Prédire et surveiller les évolutions à venir
Il n’est pas aisé de faire la distinction entre les effets du changement climatique puisque cela pourrait avoir une incidence pour les manchots sur l’un ou plusieurs de leurs sites de reproduction, d’alimentation, de mue ou d’hibernation. Il est dès lors nécessaire de mieux comprendre la vie et le parcours des manchots ainsi que leurs interactions écologiques. Des études à long terme de populations fixes ont apporté des connaissances essentielles à notre compréhension actuelle des changements intervenus, alors que des études opportunistes menées depuis les navires (p. ex. 4) ont fourni des données complémentaires sur l’abondance et la répartition des manchots. Les nouvelles technologies, comme l’imagerie de télédétection (14,16), les véhicules aériens sans pilote (UAV), les dispositifs de suivi d’animaux (géolocalisateurs par satellite ou qui détectent l’intensité lumineuse), les systèmes automatisés d’identification d’individus (identification par radiofréquence) ainsi que les systèmes de vidéosurveillance automatisés, fournissent aujourd’hui des détails importants sur l’abondance, le cycle de vie, la démographie et la répartition terrestre et marine (alimentation et migration), tant à l’échelle locale que régionale. Il faudra intégrer ces flux de données disparates ainsi que leurs analyses et les ensembles de données sur l’abondance de krill (et sa disponibilité pour les manchots en période d’alimentation) et sur les conditions environnementales (p. ex. les glaces de mer) qui peuvent les compléter pour mieux prédire l’avenir des manchots dans la péninsule antarctique.
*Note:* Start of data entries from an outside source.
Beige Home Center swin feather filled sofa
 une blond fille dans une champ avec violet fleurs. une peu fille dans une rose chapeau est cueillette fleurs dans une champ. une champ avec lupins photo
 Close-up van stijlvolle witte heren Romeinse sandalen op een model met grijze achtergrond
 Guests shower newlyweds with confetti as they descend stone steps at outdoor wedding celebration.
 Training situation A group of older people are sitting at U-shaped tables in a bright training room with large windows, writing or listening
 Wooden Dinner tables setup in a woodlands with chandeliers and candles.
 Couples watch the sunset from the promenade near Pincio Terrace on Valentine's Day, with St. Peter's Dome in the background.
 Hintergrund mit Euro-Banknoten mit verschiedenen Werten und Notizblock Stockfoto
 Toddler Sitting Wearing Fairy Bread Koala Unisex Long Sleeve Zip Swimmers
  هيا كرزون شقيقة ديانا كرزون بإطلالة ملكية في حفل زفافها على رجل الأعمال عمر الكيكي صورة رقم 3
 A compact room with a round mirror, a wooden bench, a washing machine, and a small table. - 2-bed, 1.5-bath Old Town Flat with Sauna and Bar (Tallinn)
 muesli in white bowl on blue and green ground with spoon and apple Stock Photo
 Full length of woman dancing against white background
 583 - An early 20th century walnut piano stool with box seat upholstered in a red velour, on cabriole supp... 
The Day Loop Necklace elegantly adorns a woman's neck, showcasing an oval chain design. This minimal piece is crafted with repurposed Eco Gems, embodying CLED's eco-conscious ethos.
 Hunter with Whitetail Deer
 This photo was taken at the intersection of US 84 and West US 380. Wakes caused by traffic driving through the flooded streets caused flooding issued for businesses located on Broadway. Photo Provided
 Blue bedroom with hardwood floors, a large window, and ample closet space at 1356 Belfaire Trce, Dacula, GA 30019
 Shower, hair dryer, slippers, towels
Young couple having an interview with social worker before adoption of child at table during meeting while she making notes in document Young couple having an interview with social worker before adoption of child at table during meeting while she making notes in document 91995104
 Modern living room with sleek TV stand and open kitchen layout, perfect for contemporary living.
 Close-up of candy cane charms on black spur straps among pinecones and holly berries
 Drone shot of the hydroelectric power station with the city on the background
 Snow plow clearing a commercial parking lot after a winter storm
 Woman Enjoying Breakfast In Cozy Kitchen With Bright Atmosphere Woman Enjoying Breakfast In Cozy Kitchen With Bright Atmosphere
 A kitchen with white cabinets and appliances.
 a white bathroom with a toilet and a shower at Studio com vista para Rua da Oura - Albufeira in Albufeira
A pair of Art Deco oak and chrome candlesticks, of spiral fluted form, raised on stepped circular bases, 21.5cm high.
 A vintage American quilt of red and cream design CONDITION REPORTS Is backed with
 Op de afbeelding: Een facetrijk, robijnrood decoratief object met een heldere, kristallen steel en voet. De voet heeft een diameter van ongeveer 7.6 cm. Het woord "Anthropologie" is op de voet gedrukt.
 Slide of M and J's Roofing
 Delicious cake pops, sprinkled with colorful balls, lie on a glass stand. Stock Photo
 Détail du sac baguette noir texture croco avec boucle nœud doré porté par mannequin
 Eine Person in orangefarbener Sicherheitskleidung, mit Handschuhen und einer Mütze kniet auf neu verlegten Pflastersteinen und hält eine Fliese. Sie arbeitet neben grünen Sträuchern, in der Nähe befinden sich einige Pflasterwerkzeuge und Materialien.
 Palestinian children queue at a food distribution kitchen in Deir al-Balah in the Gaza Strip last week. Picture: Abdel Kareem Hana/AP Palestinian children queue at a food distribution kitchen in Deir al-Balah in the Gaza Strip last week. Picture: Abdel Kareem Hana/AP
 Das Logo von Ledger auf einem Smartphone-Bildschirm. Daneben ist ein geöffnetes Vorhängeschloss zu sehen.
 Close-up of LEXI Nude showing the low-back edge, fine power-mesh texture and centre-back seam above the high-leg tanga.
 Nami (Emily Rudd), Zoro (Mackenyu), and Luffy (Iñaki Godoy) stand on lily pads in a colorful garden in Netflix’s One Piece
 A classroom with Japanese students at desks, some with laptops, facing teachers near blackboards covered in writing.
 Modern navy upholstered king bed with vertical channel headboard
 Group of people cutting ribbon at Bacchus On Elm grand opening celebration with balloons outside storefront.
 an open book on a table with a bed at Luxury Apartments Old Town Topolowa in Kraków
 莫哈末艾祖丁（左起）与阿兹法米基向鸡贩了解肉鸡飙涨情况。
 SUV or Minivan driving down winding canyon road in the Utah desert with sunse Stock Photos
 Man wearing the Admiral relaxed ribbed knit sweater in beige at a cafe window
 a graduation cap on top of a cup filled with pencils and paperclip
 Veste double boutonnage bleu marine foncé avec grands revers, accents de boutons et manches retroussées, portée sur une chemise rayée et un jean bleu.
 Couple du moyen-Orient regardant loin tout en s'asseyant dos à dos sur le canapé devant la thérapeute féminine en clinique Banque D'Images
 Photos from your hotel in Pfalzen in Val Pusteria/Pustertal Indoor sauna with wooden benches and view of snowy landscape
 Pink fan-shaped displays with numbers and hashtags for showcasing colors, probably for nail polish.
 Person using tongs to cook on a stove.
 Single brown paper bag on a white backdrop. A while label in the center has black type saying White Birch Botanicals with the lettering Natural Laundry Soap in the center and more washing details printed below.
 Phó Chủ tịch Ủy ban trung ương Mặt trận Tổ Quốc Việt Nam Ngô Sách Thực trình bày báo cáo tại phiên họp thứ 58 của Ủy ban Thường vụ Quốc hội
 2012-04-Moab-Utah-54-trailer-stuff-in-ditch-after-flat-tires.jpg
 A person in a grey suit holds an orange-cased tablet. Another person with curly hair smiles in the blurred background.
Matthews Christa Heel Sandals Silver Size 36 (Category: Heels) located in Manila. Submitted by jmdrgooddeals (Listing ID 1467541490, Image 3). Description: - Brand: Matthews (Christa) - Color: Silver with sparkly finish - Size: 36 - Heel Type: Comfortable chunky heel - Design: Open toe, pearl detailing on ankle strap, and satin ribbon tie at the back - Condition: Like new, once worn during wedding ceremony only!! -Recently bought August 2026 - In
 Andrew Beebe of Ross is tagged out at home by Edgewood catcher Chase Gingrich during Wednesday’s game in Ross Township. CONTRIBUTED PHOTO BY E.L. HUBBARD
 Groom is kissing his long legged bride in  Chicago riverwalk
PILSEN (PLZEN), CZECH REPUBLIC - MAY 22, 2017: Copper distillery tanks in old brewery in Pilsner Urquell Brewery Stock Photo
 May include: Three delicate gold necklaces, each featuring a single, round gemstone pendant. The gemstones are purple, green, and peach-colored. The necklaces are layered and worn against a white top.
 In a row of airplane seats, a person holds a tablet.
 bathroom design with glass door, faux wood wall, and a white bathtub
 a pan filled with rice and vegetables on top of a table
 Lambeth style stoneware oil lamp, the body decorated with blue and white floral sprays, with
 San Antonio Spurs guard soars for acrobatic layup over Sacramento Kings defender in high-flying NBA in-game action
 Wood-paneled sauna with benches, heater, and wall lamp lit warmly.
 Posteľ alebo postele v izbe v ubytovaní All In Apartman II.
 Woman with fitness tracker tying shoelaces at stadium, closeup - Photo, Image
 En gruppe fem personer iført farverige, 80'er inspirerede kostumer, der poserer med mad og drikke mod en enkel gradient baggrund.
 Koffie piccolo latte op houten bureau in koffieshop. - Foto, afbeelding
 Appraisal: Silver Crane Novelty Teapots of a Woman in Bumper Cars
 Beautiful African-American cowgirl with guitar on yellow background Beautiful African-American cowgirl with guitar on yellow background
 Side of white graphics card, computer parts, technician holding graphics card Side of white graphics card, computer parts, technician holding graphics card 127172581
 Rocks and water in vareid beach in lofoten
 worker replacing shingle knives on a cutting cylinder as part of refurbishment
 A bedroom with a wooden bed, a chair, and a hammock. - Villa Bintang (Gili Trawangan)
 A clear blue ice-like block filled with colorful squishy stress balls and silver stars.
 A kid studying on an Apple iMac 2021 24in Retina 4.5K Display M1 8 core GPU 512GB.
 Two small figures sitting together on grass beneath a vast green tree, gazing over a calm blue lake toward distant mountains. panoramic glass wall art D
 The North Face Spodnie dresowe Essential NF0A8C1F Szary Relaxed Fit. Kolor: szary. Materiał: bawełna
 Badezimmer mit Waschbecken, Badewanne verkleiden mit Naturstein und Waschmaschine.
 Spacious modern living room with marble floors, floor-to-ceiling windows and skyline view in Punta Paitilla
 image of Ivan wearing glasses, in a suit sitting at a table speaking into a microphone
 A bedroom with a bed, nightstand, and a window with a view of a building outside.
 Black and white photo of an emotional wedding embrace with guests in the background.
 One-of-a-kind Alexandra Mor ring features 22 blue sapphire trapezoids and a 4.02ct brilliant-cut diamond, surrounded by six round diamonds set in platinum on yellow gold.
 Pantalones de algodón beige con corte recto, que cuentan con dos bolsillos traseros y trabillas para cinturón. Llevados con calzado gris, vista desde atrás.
Des études axées sur des régions précises, qui comprennent des zones de référence où la pêche est limitée, contribueraient à rendre moins complexe l’interaction entre les différents facteurs (12).
1989
Établissement du programme de surveillance des écosystèmes de la CCAMLR (y compris des manchots)
2009
Publication de la synthèse du SCAR, Antarctic Climate Change and the Environment
2010
Rencontre en Norvège des experts sur les conséquences du changement climatique pour la gestion et la gouvernance de l’Antarctique
2015
Adoption du programme de travail en réponse au changement climatique par le Comité pour la protection de l’environnement
2017
Base de données des recensements des colonies de manchots complète et accessible au public, MAPPPD.